→ WHAT IS NEEDED: From the listing below, reproduce word for word the part that opens with the line containing "Romper blauw - maat" and closes with the line containing "U1610A/U1620A Handheld Digital Oscilloscope"; reproduce nothing else.

→ DATASET RECORDS:
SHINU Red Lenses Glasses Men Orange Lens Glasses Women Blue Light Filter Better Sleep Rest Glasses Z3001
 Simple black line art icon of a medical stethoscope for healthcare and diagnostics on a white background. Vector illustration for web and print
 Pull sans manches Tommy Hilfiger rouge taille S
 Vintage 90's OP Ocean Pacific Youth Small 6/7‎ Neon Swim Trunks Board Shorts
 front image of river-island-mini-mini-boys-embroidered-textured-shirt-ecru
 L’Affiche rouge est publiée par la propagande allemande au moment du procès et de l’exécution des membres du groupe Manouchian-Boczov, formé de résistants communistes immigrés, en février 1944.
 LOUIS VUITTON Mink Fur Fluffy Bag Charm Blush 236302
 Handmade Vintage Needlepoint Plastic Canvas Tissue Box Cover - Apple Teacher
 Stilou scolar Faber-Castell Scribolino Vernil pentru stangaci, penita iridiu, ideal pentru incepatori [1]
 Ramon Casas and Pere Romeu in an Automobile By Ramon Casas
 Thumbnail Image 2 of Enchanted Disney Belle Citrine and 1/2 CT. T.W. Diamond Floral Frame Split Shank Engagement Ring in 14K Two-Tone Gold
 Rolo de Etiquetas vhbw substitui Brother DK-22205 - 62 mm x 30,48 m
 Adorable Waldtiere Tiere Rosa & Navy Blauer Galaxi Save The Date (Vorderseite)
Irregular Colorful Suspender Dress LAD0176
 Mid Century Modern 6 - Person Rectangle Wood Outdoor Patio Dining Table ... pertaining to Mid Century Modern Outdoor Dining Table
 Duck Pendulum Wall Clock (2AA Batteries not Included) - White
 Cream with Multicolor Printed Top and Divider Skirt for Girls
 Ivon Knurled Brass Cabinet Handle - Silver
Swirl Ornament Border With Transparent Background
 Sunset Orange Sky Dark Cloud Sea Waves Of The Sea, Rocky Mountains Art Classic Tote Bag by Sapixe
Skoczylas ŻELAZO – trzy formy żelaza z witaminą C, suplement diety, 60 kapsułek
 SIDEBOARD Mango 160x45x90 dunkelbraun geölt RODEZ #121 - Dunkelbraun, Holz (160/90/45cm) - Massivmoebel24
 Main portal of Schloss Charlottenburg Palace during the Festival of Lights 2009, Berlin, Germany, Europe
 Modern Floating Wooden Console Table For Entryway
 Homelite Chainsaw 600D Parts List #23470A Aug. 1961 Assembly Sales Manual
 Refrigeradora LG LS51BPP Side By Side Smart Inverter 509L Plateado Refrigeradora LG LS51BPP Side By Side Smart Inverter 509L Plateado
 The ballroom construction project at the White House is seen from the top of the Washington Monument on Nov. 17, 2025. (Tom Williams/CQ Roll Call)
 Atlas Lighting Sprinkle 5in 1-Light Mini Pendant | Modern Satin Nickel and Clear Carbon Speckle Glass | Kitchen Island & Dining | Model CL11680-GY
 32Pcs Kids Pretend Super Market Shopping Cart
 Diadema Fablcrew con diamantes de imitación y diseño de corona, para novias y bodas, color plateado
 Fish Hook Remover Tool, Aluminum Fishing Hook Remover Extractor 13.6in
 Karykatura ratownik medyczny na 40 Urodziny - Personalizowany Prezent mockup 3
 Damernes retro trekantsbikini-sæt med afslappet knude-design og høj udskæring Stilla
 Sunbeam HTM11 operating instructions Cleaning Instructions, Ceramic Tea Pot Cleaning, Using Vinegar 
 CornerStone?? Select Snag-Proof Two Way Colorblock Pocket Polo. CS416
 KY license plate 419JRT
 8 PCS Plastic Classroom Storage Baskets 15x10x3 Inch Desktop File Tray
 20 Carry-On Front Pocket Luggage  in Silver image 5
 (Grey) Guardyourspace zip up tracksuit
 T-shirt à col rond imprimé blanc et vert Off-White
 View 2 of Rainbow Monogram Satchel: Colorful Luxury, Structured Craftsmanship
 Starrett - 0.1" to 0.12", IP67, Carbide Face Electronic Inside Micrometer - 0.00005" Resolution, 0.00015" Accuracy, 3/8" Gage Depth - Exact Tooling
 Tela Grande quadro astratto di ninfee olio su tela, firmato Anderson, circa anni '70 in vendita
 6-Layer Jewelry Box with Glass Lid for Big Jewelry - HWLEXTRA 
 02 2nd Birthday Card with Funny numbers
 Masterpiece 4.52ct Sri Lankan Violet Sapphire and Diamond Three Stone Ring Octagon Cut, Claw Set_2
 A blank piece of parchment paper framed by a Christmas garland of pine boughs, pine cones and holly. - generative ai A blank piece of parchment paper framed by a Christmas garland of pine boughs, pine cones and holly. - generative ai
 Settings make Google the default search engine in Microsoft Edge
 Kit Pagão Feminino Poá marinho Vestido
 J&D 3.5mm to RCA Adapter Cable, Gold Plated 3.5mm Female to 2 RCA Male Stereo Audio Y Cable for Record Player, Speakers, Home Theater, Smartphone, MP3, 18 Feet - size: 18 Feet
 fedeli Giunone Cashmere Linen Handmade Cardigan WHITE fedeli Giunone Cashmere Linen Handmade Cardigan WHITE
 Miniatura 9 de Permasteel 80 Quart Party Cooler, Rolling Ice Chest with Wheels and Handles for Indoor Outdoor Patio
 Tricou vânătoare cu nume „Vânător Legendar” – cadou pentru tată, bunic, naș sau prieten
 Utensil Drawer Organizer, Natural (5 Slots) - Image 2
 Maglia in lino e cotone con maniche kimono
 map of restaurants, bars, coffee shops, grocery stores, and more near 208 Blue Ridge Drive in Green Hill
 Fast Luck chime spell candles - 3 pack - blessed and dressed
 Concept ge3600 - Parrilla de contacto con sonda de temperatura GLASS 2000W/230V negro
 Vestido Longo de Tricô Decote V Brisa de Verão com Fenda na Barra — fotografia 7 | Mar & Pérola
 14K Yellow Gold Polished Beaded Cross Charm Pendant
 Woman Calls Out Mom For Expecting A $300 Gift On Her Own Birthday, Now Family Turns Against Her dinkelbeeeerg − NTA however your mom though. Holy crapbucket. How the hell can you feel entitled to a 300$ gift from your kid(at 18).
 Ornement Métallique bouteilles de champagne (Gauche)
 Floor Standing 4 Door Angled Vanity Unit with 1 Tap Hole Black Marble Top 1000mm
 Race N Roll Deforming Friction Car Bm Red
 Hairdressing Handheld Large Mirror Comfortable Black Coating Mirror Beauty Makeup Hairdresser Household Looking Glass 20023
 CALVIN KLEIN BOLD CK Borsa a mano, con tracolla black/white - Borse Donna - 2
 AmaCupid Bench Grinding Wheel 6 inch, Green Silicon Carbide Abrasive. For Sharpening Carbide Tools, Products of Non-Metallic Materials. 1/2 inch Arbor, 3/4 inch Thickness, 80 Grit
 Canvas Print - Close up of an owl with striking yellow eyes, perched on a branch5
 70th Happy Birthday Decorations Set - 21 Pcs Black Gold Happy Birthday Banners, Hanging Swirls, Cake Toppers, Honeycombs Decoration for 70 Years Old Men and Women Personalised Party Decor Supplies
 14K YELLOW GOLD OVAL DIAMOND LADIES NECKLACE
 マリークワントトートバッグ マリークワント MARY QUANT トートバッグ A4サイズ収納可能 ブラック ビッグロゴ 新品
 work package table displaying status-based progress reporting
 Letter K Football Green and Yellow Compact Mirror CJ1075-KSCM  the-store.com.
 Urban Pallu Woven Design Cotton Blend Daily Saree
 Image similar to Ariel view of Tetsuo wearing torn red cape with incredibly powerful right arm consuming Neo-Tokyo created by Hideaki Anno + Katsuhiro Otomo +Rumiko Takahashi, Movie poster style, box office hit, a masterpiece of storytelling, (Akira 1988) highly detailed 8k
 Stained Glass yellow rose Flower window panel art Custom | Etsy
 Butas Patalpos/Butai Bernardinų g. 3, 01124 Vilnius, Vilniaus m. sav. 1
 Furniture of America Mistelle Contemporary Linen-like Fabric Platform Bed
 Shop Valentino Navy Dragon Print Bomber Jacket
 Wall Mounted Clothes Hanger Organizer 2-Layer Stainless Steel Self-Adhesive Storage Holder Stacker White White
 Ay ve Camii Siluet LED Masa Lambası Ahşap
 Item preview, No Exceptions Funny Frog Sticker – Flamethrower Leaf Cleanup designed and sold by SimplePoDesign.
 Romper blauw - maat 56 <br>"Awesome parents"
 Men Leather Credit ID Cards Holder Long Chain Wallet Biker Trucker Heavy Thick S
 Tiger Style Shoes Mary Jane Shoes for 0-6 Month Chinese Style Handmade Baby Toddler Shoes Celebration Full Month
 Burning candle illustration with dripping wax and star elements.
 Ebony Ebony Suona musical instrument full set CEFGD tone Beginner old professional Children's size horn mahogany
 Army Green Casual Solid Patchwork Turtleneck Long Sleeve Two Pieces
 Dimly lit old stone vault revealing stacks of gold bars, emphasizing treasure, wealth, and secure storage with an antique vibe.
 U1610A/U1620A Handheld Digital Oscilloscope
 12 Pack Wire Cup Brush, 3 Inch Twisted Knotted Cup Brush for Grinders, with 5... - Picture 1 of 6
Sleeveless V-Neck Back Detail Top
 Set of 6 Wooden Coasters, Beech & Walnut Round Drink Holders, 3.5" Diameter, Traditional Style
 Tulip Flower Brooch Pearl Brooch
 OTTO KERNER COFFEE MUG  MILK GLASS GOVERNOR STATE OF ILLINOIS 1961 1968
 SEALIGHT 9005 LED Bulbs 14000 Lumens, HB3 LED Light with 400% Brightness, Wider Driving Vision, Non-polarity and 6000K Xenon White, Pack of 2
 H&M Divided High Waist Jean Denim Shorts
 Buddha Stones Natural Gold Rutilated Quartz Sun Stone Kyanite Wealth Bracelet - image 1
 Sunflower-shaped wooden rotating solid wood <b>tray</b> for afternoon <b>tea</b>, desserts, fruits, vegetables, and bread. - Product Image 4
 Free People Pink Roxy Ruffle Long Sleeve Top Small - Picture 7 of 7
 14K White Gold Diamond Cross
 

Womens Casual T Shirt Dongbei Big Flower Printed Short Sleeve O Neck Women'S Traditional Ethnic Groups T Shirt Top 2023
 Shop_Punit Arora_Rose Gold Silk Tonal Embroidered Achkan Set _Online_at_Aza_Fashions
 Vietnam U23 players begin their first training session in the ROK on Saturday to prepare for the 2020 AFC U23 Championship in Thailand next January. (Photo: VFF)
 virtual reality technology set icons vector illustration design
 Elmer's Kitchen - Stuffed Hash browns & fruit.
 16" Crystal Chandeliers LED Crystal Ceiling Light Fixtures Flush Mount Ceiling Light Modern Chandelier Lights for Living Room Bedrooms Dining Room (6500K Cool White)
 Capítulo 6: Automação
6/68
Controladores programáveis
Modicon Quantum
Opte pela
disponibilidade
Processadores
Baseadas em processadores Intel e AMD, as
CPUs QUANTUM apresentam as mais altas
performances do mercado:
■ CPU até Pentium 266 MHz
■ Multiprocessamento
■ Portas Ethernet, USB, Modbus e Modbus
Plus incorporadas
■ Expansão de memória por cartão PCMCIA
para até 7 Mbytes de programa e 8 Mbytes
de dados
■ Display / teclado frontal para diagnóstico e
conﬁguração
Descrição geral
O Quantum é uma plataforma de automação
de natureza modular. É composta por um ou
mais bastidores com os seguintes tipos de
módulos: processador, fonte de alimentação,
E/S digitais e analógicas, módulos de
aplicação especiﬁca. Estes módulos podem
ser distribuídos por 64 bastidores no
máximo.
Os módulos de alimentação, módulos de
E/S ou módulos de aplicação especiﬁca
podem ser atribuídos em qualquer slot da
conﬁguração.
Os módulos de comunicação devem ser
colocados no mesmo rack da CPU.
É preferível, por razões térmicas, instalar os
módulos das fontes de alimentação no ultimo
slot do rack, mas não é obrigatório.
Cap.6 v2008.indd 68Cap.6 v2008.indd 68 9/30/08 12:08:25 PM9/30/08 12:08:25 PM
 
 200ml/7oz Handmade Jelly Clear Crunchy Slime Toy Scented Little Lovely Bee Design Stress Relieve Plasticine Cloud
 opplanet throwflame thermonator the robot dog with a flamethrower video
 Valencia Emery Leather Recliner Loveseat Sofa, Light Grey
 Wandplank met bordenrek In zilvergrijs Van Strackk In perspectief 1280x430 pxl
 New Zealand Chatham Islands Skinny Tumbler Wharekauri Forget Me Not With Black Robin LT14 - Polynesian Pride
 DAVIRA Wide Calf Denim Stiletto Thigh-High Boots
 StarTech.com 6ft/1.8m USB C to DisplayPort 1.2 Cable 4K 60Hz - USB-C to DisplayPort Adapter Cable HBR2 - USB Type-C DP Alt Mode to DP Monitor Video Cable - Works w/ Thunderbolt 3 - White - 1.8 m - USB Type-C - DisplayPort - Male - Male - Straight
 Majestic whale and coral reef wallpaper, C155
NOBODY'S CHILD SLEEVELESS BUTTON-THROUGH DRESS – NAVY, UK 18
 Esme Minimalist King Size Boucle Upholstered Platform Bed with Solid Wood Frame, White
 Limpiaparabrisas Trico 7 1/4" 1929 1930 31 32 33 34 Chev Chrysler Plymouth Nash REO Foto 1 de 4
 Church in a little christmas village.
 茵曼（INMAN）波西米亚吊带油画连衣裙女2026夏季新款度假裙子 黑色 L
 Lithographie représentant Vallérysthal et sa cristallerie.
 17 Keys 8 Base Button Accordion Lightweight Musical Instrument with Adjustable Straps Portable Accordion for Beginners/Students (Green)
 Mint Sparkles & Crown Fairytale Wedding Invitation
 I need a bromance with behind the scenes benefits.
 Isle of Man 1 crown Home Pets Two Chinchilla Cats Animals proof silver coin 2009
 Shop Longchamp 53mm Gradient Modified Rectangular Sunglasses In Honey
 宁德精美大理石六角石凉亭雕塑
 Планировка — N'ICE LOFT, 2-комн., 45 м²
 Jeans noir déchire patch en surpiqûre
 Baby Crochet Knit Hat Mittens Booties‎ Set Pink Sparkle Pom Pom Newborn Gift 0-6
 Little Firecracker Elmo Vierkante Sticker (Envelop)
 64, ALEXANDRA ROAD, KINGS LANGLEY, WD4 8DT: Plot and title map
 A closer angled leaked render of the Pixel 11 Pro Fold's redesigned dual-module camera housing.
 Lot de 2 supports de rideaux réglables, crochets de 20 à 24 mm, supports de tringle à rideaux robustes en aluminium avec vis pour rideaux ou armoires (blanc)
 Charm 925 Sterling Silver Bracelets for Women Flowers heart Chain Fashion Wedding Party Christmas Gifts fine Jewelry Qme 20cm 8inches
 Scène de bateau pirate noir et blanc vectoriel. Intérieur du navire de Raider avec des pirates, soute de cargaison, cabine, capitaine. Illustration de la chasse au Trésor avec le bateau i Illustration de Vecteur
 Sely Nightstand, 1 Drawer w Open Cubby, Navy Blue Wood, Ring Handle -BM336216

→ SOLUTION FOR THIS EXERCISE:
 Romper blauw - maat 56 <br>"Awesome parents"
 Men Leather Credit ID Cards Holder Long Chain Wallet Biker Trucker Heavy Thick S
 Tiger Style Shoes Mary Jane Shoes for 0-6 Month Chinese Style Handmade Baby Toddler Shoes Celebration Full Month
 Burning candle illustration with dripping wax and star elements.
 Ebony Ebony Suona musical instrument full set CEFGD tone Beginner old professional Children's size horn mahogany
 Army Green Casual Solid Patchwork Turtleneck Long Sleeve Two Pieces
 Dimly lit old stone vault revealing stacks of gold bars, emphasizing treasure, wealth, and secure storage with an antique vibe.
 U1610A/U1620A Handheld Digital Oscilloscope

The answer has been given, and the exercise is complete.